Scraped caption text data

========

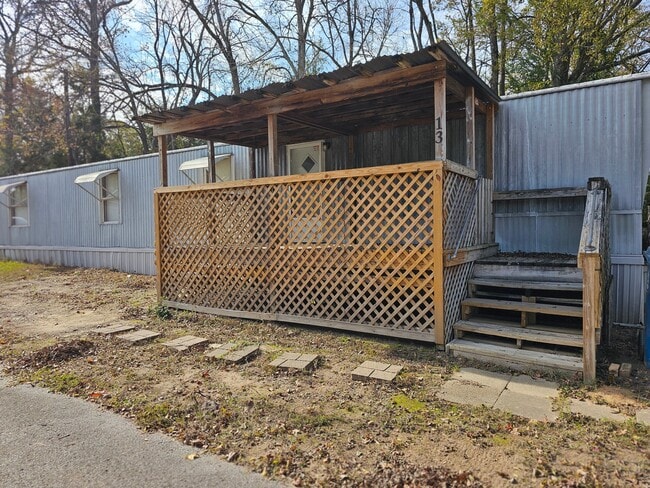 Building Photo - 413 Miller St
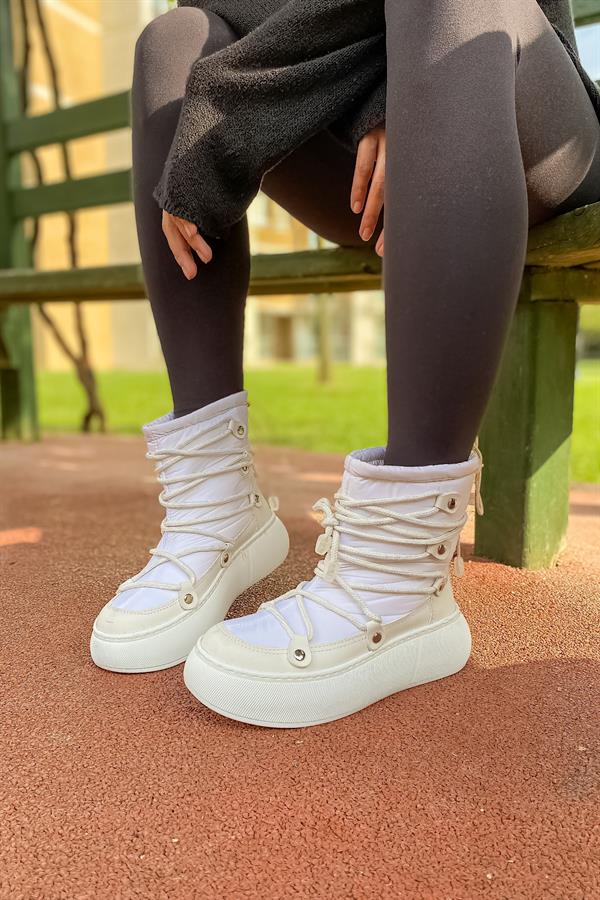 Reneka Beyaz Paraşüt İpli Kadın Bot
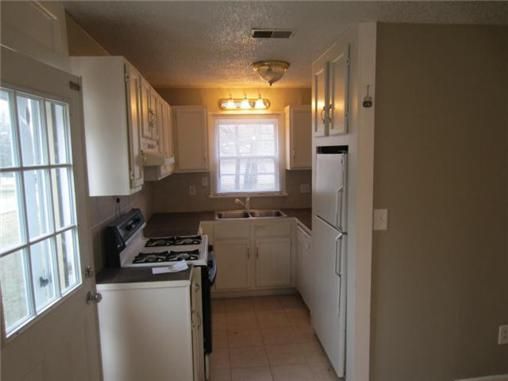 11408 E 59th St, Raytown, MO 64133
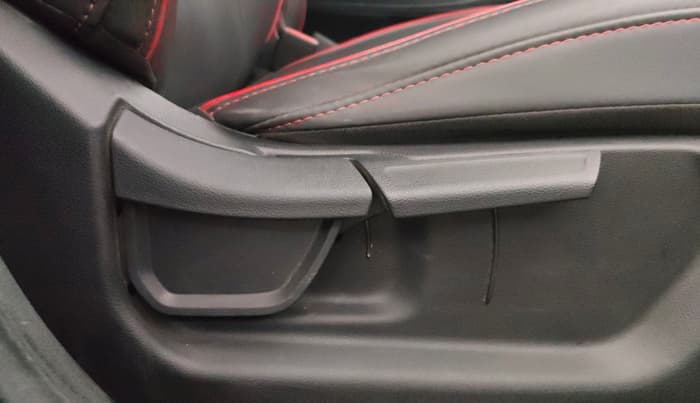 2024 Hyundai NEW I20 N LINE N8 1.0 TURBO DCT, Petrol, Automatic, 22,449 km, Driver Side Adjustment Panel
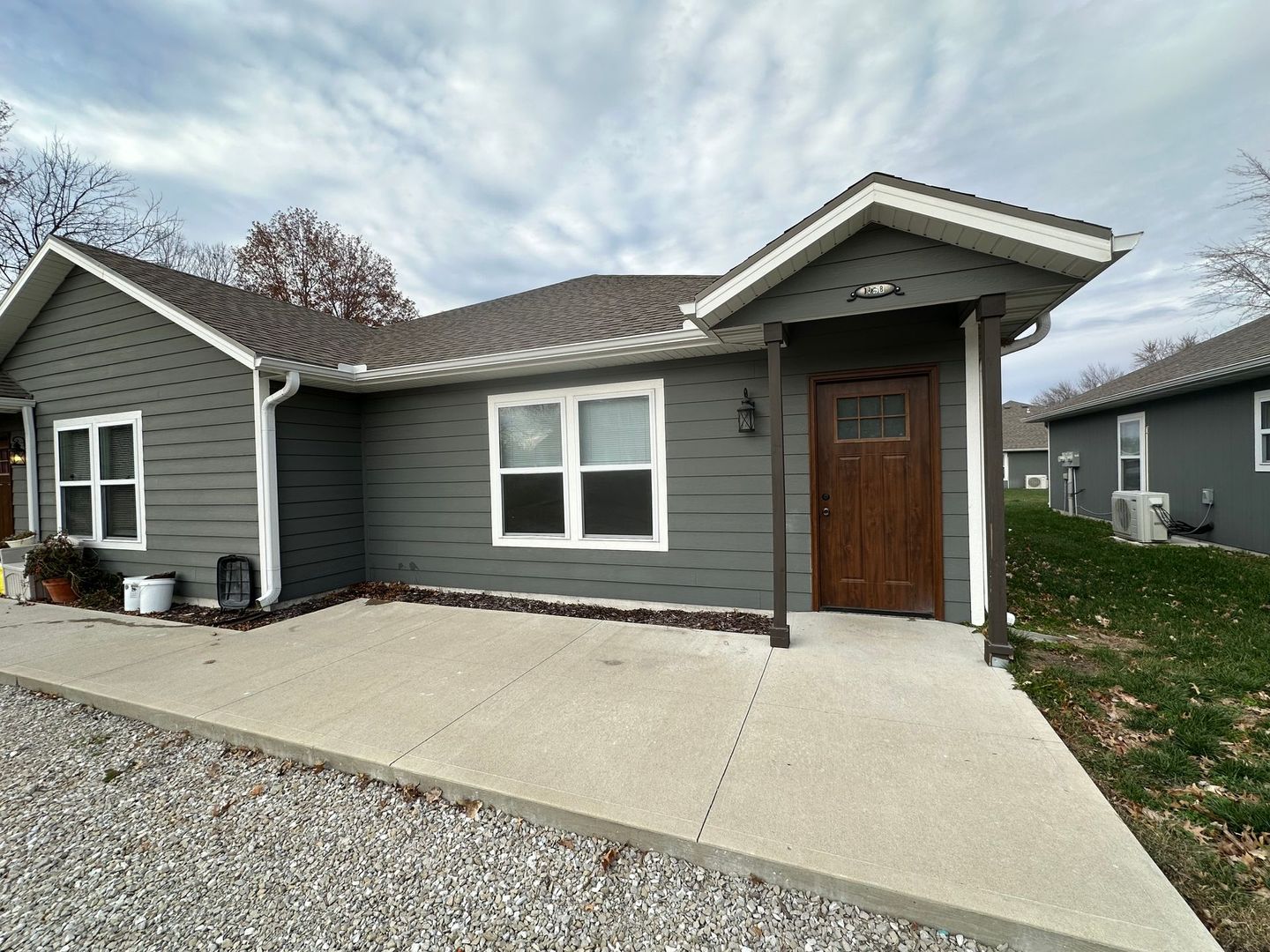 Green Ridge Apartment: 201 S Illinois St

========

Goal of the exercise: Take the data above and repeat it exactly, leaving each picture out.

Solution to this problem:
 Building Photo - 413 Miller St
 Reneka Beyaz Paraşüt İpli Kadın Bot
 11408 E 59th St, Raytown, MO 64133
 2024 Hyundai NEW I20 N LINE N8 1.0 TURBO DCT, Petrol, Automatic, 22,449 km, Driver Side Adjustment Panel
 Green Ridge Apartment: 201 S Illinois St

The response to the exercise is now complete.